Что нужно было испытать:
Предательство? Прозренье?
Какую муку, чтоб искать
у камня утешенье?
Красный
Топором по корням.
С размаху!
По ветвям.
Остервенело!
Палачи окружили плаху:
Дайте дело нам!
Дайте дело!
Рвутся все рубануть и напиться —
Клич разносится громкий.
Страстный!
А из ран сок деревьев сочится,
по рукам и по лицам.
Красный!
Пророчите
Пророчите, что участь незавидна.
Анафема? И в этом вы вольны.
Моя вина пред вами очевидна:
я просто верую не так, как вы.
Мы разные.
Вы держитесь за «ветхость»,
а я услышал зов иных дорог.
Для вас важнее ваша церковь,
а мне для Веры нужен только Бог.
Я видел чудо
Я видел чудо: свод бездонный,
там юный ангел танцевал,
кружился и в сачок огромный,
смеясь, он звезды собирал.
Вдруг строгий голос он услышал,
смиренно сел на облака,
и тут нечаянно рассыпал
на землю звезды из сачка.
Под этим дивным звездопадом
я завороженный стоял —
смотрел как тают звезды рядом
и, не сдержавшись, зарыдал.
Но мы не слышим!
Века текли, а род людской метался,
так словно всех сразила слепота.
Я между них, как пилигрим скитался,
среди казненных с Верой во Христа.
Я видел ужас — как их жгли и рвали,
знак отреченья ждали до конца.
И запытав, голодным псам бросали
еще живые теплые сердца…
Устав от крови, человек очнулся —
потомки жертв на кафедры взошли.
Но скоро Бог от горя содрогнулся —
те палачей во зверствах превзошли…
Прошли года, мир вроде изменился,
и сонм святых теперь его хранит.
Но отчего Сын Божий преклонился
и нас о милосердии молит?
Но мы не слышим! Заложило уши.
Застыла церковь. И почти пуста.
А мы бездумно губим наши души
и распинаем заново Христа.
Надежда обернется вороном
Просторно, но теснимо княжество,
так много алчности — не мудрости.
А раб, помноженный на ханжество,
в залоге у духовной скудости.
Не смертью страшен — полоном,
запрет в клети, да еще высмеет.
Надежда обернется вороном —
моей беде он глаз не выклюет.
Что гению, и что бездарности
отмерили излишек трусости.
Голос тихнет от усталости,
а больше от своей ненужности.
Всё это было
Ветрена, дырява и бесстыдна память —
всё в ней зарастает сором и быльем,
вечно вор лукавый норовит ограбить,
называя древо бесполезным пнем.
Всё это было.
Всё это будет.
Этим днем.
Иль завтра.
Иль когда-нибудь.
Кто-то будет помнить.
Большинство забудет,
что лежал здесь прежде выстраданный путь.
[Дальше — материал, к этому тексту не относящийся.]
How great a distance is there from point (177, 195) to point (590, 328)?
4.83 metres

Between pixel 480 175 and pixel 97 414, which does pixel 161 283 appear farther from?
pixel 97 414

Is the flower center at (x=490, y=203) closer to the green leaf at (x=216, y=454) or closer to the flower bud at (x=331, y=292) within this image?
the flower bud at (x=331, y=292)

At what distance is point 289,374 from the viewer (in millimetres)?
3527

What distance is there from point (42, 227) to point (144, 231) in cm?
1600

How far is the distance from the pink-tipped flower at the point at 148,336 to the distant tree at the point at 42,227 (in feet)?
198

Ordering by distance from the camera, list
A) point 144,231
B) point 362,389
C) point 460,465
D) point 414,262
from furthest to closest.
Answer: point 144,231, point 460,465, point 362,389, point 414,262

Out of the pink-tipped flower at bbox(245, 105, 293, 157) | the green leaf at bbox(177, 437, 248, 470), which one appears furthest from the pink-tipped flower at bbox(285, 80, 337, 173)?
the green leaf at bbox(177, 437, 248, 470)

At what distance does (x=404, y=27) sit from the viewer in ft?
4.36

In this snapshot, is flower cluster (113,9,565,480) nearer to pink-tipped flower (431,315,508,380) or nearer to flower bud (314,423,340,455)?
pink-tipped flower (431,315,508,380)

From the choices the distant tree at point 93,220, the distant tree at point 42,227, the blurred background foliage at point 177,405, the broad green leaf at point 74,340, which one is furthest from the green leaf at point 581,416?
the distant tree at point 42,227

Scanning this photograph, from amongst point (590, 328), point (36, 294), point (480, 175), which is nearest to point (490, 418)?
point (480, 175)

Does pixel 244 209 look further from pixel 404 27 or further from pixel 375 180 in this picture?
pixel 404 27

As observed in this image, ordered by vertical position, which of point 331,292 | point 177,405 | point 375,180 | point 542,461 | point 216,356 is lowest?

Спутались границы вечной тьмы и света,
истина скатилась с древнего кольца:
Как ни умоляй, но пройдет и это —
не найти начало, не сыскать конца.
Обрывки фраз на скомканном листе
Обрывки фраз на скомканном листе —
Они кричат.
Пронзают тишину.
А лунный свет на стареньком холсте
мостит дорогу в холод. В вышину.
Но нет ответа в строках на полу:
Припасть к земле?
Или над ней взлететь?
И вот прильнув к замерзшему стеклу,
я в нем пытаюсь небо разглядеть…
Свидание с несостоявшимся
Ушедшее время подобно туману,
приходит во время бессонных ночей —
брожу по прошлому, как по чулану,
среди заброшенных старых вещей.
Нет места на полках и пыльном полу,
так много скопилось — кладезь бездонная.
А вот и шкатулка в дальнем углу,
в которой хранится всё не свершенное.
Ее открывая, я не ропщу,
лишь груз сожалений со мною прокравшихся.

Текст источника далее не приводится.